Дементьев выносит мне приговор обвинительный. Он причисляет меня к последователям Веселовского. Хотя, говорит он, мне и казалось, что я отхожу от его позиций, но на самом деле я их утверждала. Доказательства: и я изучала литературные формы (значит, я формалист), и я изучала генезис. Дальше Дементьев повторяет то, что ему нашептала Вулих со слов Тронского. Не читая моих работ и не имея образования, Дементьев свободно дает ответственные научные оценки. Несколько раз он подчеркивает правильность «установок» Тронского и любовно кивает в его сторону (XXX: 15, 78–79).
В этот момент рассказ достигает высокого пафоса:
Встаю для последнего слова. Вынимаю из портфеля учебник Тронского. Соня, умолявшая меня не портить с Тронским отношений, замирает. У моих друзей перехватывает дыхание.
Теперь я сбрасываю маску и стою грудь с грудью к собранию. Никакая пружина не может сравниться с упругостью моего святого возмущения.

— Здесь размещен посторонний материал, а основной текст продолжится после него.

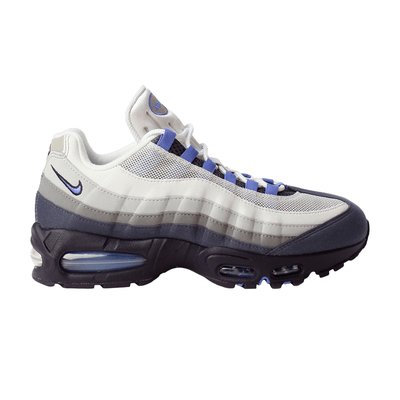 Nike Nike Air Max 95 OG Big Bubble Photon Dust Purple Dynasty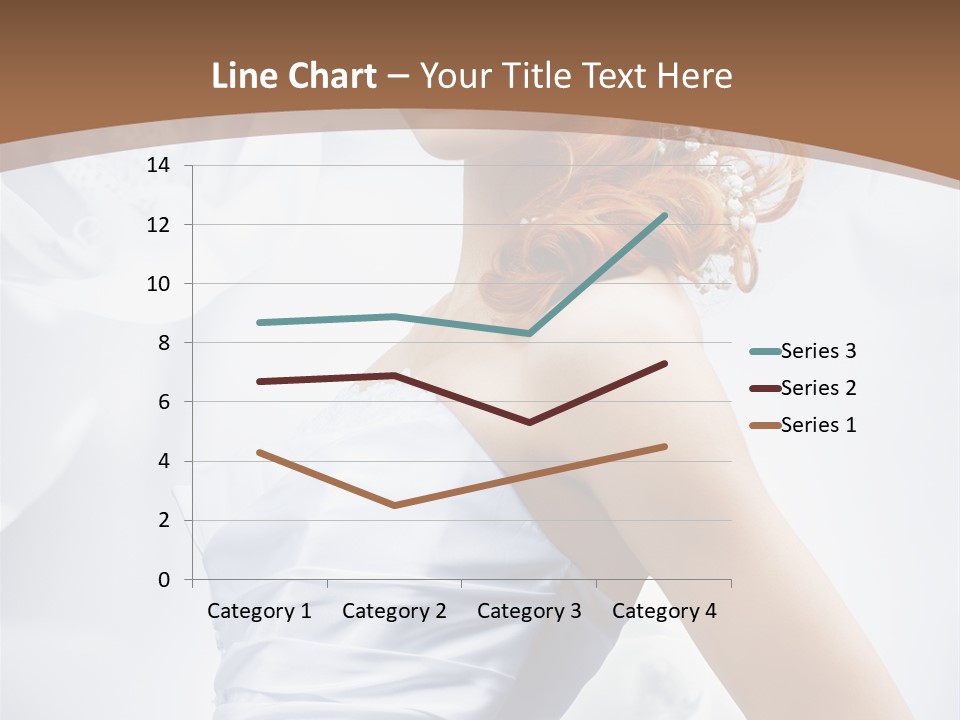 Makeup Happy Style PowerPoint Template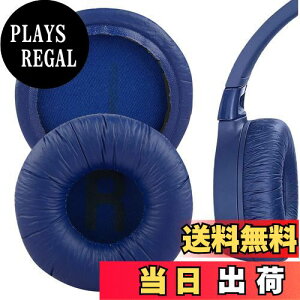 yzGeekria C[pbh QuickFit ݊ pbh WFCr[G JBL JR300, JR300BT, T450BT, T500BT, Tune 500, Tune 500BT, Tune 510BT, Tune 520 wbhzɑΉ pbh C[/C[Jbv (U[b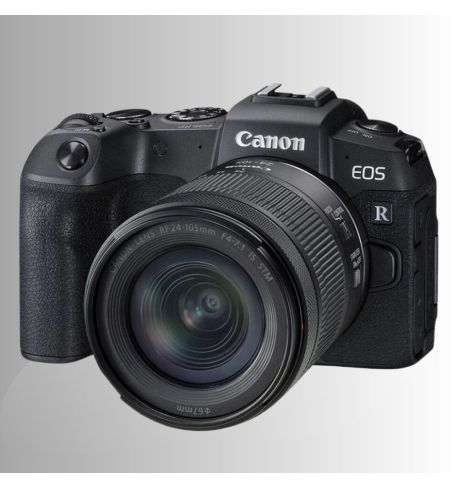 Kit E-Commerce 1 CANON FF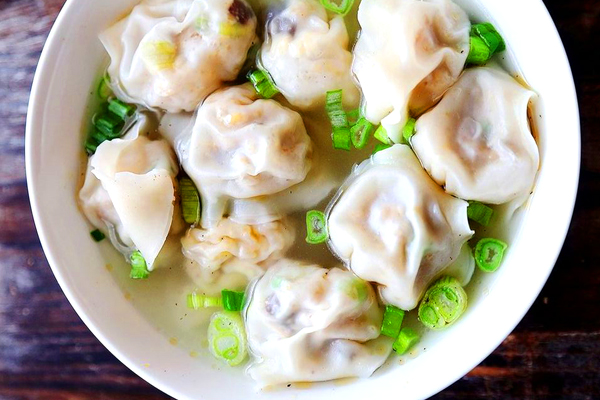 袁記餃子云吞總部在哪里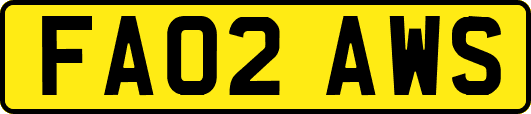 FA02AWS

Я выхожу на средину зала, выпрямляюсь, руки держу за спиной. Я стою перед ними, грудь и лицо подняты к ним. В позе бесстрашия, с гневными глазами, я бросаю в этих палачей свою волю и свою правду. Сурово, грозово, изнемогая от внутренней страсти, я им твердо говорю: да, я принимаю и подчиняюсь партийной линии, но вы не можете меня заставить под видом партийности принять и то, с чем я всю жизнь боролась, с чем буду бороться и впредь. Какое право имеет Тронский делать мне диктаты? Кто он? Как он попал в мои учители? Он выступает против генезиса? Так вот куда он ведет, к теории синкретизма. Мы попадаем туда именно тогда, когда отвергаем все другие объяснения генезиса античной литературы. «Я думала, что сам Тронский расскажет о своих взглядах. Однако он дважды укрыл свои позиции, позволяя себя критиковать других» (что-то в этом роде). И я зачитала цитату из учебника, где наглец говорит о Веселовском и теории синкретизма.

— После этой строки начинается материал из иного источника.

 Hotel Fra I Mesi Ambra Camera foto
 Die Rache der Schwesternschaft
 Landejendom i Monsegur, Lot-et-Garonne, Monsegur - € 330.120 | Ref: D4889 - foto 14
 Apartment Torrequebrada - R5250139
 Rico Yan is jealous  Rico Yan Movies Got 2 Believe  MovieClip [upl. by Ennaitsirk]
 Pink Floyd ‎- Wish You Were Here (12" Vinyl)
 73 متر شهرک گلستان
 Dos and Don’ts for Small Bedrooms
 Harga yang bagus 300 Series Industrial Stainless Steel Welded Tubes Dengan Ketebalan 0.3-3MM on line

Эффект был непередаваем… (XXX: 15, 79–80)
Как понимать эту театральную сцену? Как понимает эту ситуацию – и свою позицию – сам автор?

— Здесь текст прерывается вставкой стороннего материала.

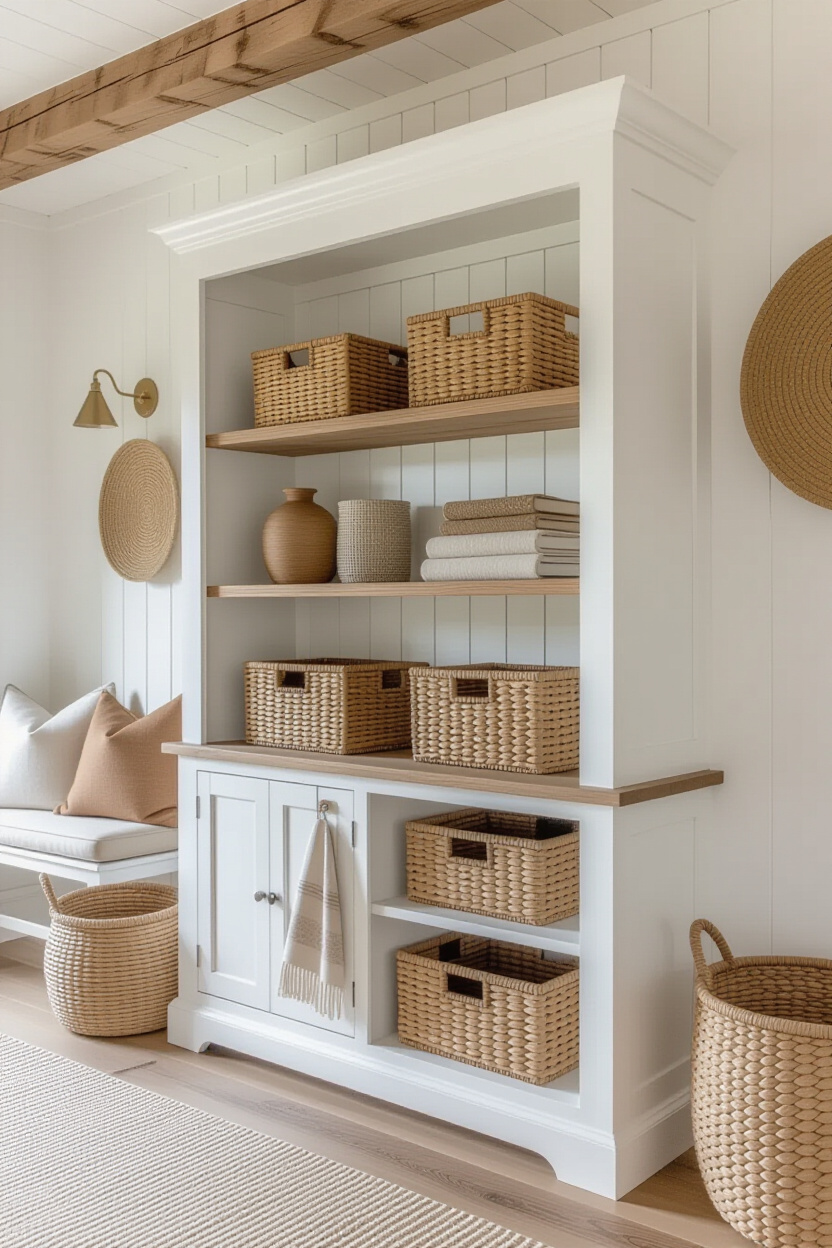 Cozy Room Decor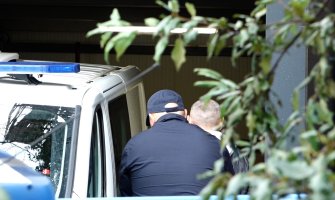 Hasanajima po 40 godina zatvora zbog ubistva policajca Milutina Lekovića; Kovačević: Zadovoljni smo presudom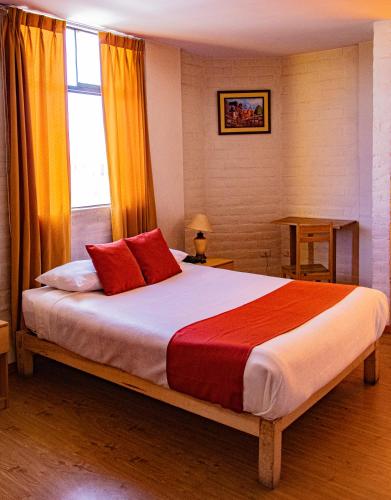 Double Room image 4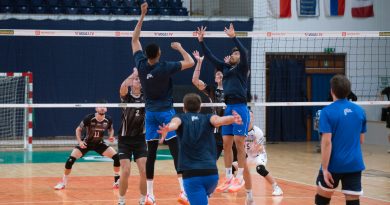 VSC Zlín na úvod Zlín Cupu 2026 porazil Myjavu, večer nestačil na Nitru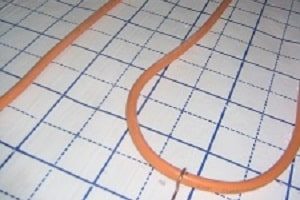 Fußbodenheizung Vorschau Fußbodenheizung, Fußboden, Heizung, Heizkörper, Wärme, Hitze, Kabel, Kabelverlegung, Befestigung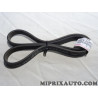 Courroie d'accessoire 5PK1130 Toyota Lexus original OEM 90916-02495 9091602495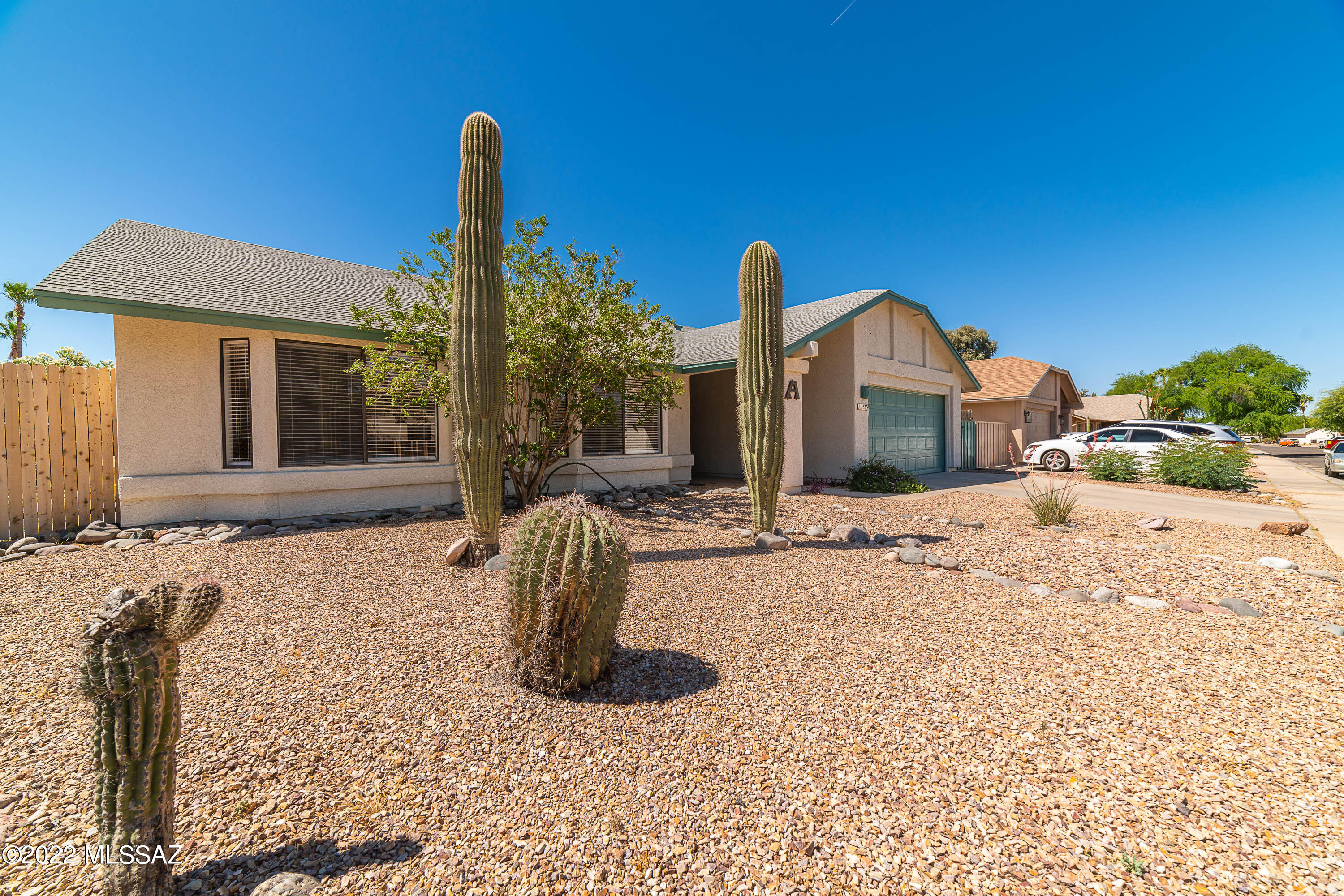 Canyon Shadows(1-125) - Residential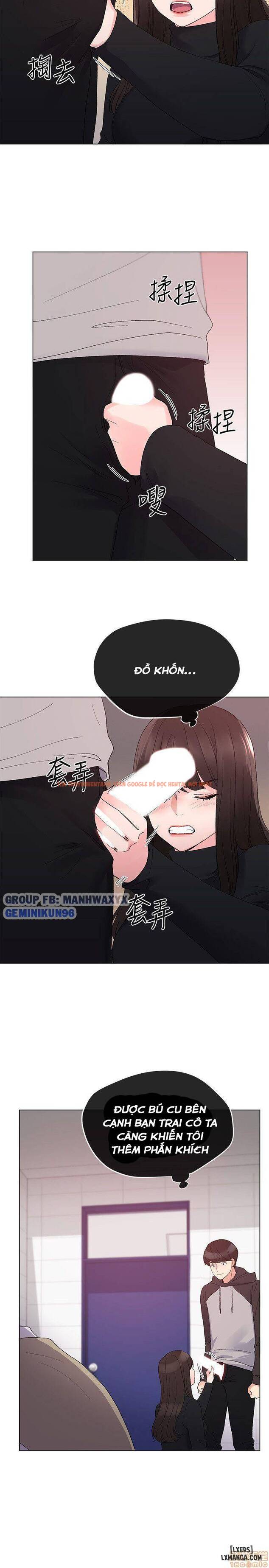 Trang truyện 15 trong truyện tranh Trả Thù Cô Ta - Chapter 25 - hentai24h.pro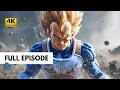Download Lagu Ep 1: Vegeta vs Cell | Dragon Ball Rebirth (Movie)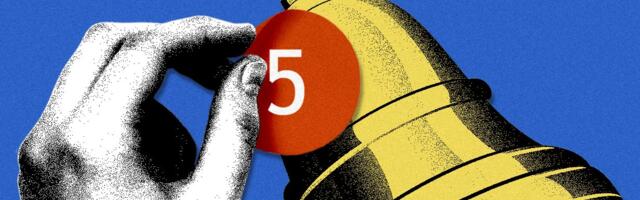 Your Push Notifications Aren’t Safe From the FBI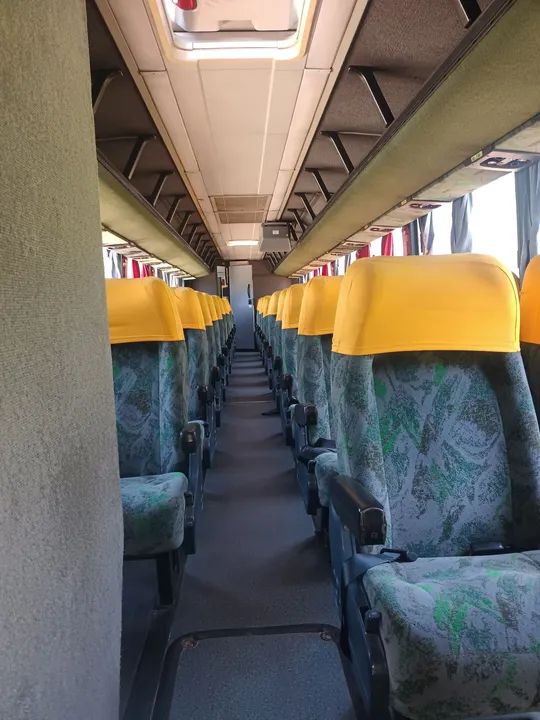 Ônibus Classe Turismo - 2400 - Foto 2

Мотивировало ли ее желание «спастись от бандитов» (даже и ценой притворства и затронув других, своих «врагов» на кафедре) – или, сама того не замечая, она в этой своей второй речи перевела разговор «в план по существу», излагая давно накопившиеся методологические претензии к учебнику Тронского? Понимала ли она, что ей все-таки не удалось «сохранить чистые руки»? Или ею владел в этот момент «дух борца»? (Пользуюсь здесь терминами самой Фрейденберг.) Может ли быть, что пафос борьбы с учебником Тронского, который владел ею и вне политических проработок, диктовал эту гневную речь? (Она не раз с неодобрением пишет об эволюционной методологии Тронского, о непонимании им генезиса (XXX: 15, 79).) Сознавала ли она, что «в эту острую политическую минуту» такая методологическая критика, пусть и справедливая, могла стать «политическим, полицейским обвинением» с ее стороны? (Так она описывала ситуацию, говоря о нападках на нее Вулих и Тронского.) Понимала ли она двойственность своего положения тогда, когда, несколько месяцев спустя, описывала эту сцену в записках?